- _Exercise objective_
Every single entry needs to appear again exactly as given.

- _Supplied data_
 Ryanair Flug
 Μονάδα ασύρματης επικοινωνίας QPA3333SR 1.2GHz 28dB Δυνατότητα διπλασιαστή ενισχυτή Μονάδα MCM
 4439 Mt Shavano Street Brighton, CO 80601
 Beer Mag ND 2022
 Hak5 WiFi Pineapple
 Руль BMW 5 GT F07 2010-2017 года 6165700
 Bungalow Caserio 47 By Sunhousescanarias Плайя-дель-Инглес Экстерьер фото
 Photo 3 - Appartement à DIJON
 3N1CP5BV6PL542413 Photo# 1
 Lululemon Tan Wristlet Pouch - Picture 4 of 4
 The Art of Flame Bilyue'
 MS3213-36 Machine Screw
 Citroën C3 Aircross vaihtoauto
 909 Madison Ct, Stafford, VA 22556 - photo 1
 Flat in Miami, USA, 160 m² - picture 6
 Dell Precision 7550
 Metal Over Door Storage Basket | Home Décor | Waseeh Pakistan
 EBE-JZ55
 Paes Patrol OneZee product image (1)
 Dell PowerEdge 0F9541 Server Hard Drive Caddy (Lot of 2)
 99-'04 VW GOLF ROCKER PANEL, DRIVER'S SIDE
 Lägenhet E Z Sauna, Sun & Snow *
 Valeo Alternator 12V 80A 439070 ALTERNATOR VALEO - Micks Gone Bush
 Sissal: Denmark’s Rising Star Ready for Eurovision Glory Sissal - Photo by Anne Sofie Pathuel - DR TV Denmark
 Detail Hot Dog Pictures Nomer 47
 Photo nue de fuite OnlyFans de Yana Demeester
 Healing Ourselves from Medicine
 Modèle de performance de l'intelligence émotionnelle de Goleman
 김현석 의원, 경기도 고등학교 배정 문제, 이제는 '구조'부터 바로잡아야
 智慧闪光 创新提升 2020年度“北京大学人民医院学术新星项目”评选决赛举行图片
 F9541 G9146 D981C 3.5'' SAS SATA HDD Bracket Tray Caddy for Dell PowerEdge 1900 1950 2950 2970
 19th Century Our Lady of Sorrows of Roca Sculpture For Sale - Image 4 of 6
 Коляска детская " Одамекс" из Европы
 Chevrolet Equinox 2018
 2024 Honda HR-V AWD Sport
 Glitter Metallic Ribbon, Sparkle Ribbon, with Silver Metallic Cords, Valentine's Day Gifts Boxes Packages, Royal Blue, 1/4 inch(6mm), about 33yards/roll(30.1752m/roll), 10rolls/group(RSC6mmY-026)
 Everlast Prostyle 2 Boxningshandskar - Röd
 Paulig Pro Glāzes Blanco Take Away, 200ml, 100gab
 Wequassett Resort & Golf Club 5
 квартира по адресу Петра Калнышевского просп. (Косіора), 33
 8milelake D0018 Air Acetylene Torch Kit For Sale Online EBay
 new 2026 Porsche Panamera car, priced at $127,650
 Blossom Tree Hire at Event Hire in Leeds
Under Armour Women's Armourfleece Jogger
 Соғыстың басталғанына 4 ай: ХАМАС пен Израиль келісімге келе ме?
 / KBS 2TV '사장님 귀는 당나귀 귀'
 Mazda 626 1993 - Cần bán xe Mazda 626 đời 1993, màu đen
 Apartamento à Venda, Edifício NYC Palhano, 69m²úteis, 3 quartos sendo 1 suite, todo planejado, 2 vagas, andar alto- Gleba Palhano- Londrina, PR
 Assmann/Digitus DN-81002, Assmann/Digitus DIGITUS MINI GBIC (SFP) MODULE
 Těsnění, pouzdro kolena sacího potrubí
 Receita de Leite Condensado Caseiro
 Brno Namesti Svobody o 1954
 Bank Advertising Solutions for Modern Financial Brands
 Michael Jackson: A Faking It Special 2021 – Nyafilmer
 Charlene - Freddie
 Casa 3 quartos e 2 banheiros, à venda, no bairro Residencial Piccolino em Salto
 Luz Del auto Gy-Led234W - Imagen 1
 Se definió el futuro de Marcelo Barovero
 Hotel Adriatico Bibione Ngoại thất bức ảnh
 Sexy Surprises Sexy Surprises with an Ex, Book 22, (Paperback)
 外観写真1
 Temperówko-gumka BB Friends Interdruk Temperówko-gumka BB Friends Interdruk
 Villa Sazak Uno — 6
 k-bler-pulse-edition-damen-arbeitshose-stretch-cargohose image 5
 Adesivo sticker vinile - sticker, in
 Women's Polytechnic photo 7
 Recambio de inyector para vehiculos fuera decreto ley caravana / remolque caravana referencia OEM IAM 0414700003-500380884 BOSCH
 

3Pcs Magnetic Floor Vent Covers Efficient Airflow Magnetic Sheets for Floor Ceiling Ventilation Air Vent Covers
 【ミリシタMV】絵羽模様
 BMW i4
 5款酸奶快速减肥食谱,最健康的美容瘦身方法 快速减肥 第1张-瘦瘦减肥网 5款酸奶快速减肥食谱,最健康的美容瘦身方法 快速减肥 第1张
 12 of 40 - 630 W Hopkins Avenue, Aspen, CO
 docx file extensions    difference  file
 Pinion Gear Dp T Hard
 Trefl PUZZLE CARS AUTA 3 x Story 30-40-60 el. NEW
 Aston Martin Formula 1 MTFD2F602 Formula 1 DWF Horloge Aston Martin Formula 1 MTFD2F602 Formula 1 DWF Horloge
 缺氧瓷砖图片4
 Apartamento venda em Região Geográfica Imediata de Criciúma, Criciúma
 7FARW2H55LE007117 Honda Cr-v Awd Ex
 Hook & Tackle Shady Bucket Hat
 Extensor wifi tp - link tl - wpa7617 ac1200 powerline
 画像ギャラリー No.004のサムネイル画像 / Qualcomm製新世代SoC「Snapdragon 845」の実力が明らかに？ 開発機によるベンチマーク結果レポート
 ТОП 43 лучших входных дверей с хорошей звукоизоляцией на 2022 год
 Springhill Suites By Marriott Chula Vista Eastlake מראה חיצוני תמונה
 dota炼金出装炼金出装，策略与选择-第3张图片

- _Task solution_
 Ryanair Flug
 Μονάδα ασύρματης επικοινωνίας QPA3333SR 1.2GHz 28dB Δυνατότητα διπλασιαστή ενισχυτή Μονάδα MCM
 4439 Mt Shavano Street Brighton, CO 80601
 Beer Mag ND 2022
 Hak5 WiFi Pineapple
 Руль BMW 5 GT F07 2010-2017 года 6165700
 Bungalow Caserio 47 By Sunhousescanarias Плайя-дель-Инглес Экстерьер фото
 Photo 3 - Appartement à DIJON
 3N1CP5BV6PL542413 Photo# 1
 Lululemon Tan Wristlet Pouch - Picture 4 of 4
 The Art of Flame Bilyue'
 MS3213-36 Machine Screw
 Citroën C3 Aircross vaihtoauto
 909 Madison Ct, Stafford, VA 22556 - photo 1
 Flat in Miami, USA, 160 m² - picture 6
 Dell Precision 7550
 Metal Over Door Storage Basket | Home Décor | Waseeh Pakistan
 EBE-JZ55
 Paes Patrol OneZee product image (1)
 Dell PowerEdge 0F9541 Server Hard Drive Caddy (Lot of 2)
 99-'04 VW GOLF ROCKER PANEL, DRIVER'S SIDE
 Lägenhet E Z Sauna, Sun & Snow *
 Valeo Alternator 12V 80A 439070 ALTERNATOR VALEO - Micks Gone Bush
 Sissal: Denmark’s Rising Star Ready for Eurovision Glory Sissal - Photo by Anne Sofie Pathuel - DR TV Denmark
 Detail Hot Dog Pictures Nomer 47
 Photo nue de fuite OnlyFans de Yana Demeester
 Healing Ourselves from Medicine
 Modèle de performance de l'intelligence émotionnelle de Goleman
 김현석 의원, 경기도 고등학교 배정 문제, 이제는 '구조'부터 바로잡아야
 智慧闪光 创新提升 2020年度“北京大学人民医院学术新星项目”评选决赛举行图片
 F9541 G9146 D981C 3.5'' SAS SATA HDD Bracket Tray Caddy for Dell PowerEdge 1900 1950 2950 2970
 19th Century Our Lady of Sorrows of Roca Sculpture For Sale - Image 4 of 6
 Коляска детская " Одамекс" из Европы
 Chevrolet Equinox 2018
 2024 Honda HR-V AWD Sport
 Glitter Metallic Ribbon, Sparkle Ribbon, with Silver Metallic Cords, Valentine's Day Gifts Boxes Packages, Royal Blue, 1/4 inch(6mm), about 33yards/roll(30.1752m/roll), 10rolls/group(RSC6mmY-026)
 Everlast Prostyle 2 Boxningshandskar - Röd
 Paulig Pro Glāzes Blanco Take Away, 200ml, 100gab
 Wequassett Resort & Golf Club 5
 квартира по адресу Петра Калнышевского просп. (Косіора), 33
 8milelake D0018 Air Acetylene Torch Kit For Sale Online EBay
 new 2026 Porsche Panamera car, priced at $127,650
 Blossom Tree Hire at Event Hire in Leeds
Under Armour Women's Armourfleece Jogger
 Соғыстың басталғанына 4 ай: ХАМАС пен Израиль келісімге келе ме?
 / KBS 2TV '사장님 귀는 당나귀 귀'
 Mazda 626 1993 - Cần bán xe Mazda 626 đời 1993, màu đen
 Apartamento à Venda, Edifício NYC Palhano, 69m²úteis, 3 quartos sendo 1 suite, todo planejado, 2 vagas, andar alto- Gleba Palhano- Londrina, PR
 Assmann/Digitus DN-81002, Assmann/Digitus DIGITUS MINI GBIC (SFP) MODULE
 Těsnění, pouzdro kolena sacího potrubí
 Receita de Leite Condensado Caseiro
 Brno Namesti Svobody o 1954
 Bank Advertising Solutions for Modern Financial Brands
 Michael Jackson: A Faking It Special 2021 – Nyafilmer
 Charlene - Freddie
 Casa 3 quartos e 2 banheiros, à venda, no bairro Residencial Piccolino em Salto
 Luz Del auto Gy-Led234W - Imagen 1
 Se definió el futuro de Marcelo Barovero
 Hotel Adriatico Bibione Ngoại thất bức ảnh
 Sexy Surprises Sexy Surprises with an Ex, Book 22, (Paperback)
 外観写真1
 Temperówko-gumka BB Friends Interdruk Temperówko-gumka BB Friends Interdruk
 Villa Sazak Uno — 6
 k-bler-pulse-edition-damen-arbeitshose-stretch-cargohose image 5
 Adesivo sticker vinile - sticker, in
 Women's Polytechnic photo 7
 Recambio de inyector para vehiculos fuera decreto ley caravana / remolque caravana referencia OEM IAM 0414700003-500380884 BOSCH
 

3Pcs Magnetic Floor Vent Covers Efficient Airflow Magnetic Sheets for Floor Ceiling Ventilation Air Vent Covers
 【ミリシタMV】絵羽模様
 BMW i4
 5款酸奶快速减肥食谱,最健康的美容瘦身方法 快速减肥 第1张-瘦瘦减肥网 5款酸奶快速减肥食谱,最健康的美容瘦身方法 快速减肥 第1张
 12 of 40 - 630 W Hopkins Avenue, Aspen, CO
 docx file extensions    difference  file
 Pinion Gear Dp T Hard
 Trefl PUZZLE CARS AUTA 3 x Story 30-40-60 el. NEW
 Aston Martin Formula 1 MTFD2F602 Formula 1 DWF Horloge Aston Martin Formula 1 MTFD2F602 Formula 1 DWF Horloge
 缺氧瓷砖图片4
 Apartamento venda em Região Geográfica Imediata de Criciúma, Criciúma
 7FARW2H55LE007117 Honda Cr-v Awd Ex
 Hook & Tackle Shady Bucket Hat
 Extensor wifi tp - link tl - wpa7617 ac1200 powerline
 画像ギャラリー No.004のサムネイル画像 / Qualcomm製新世代SoC「Snapdragon 845」の実力が明らかに？ 開発機によるベンチマーク結果レポート
 ТОП 43 лучших входных дверей с хорошей звукоизоляцией на 2022 год
 Springhill Suites By Marriott Chula Vista Eastlake מראה חיצוני תמונה
 dota炼金出装炼金出装，策略与选择-第3张图片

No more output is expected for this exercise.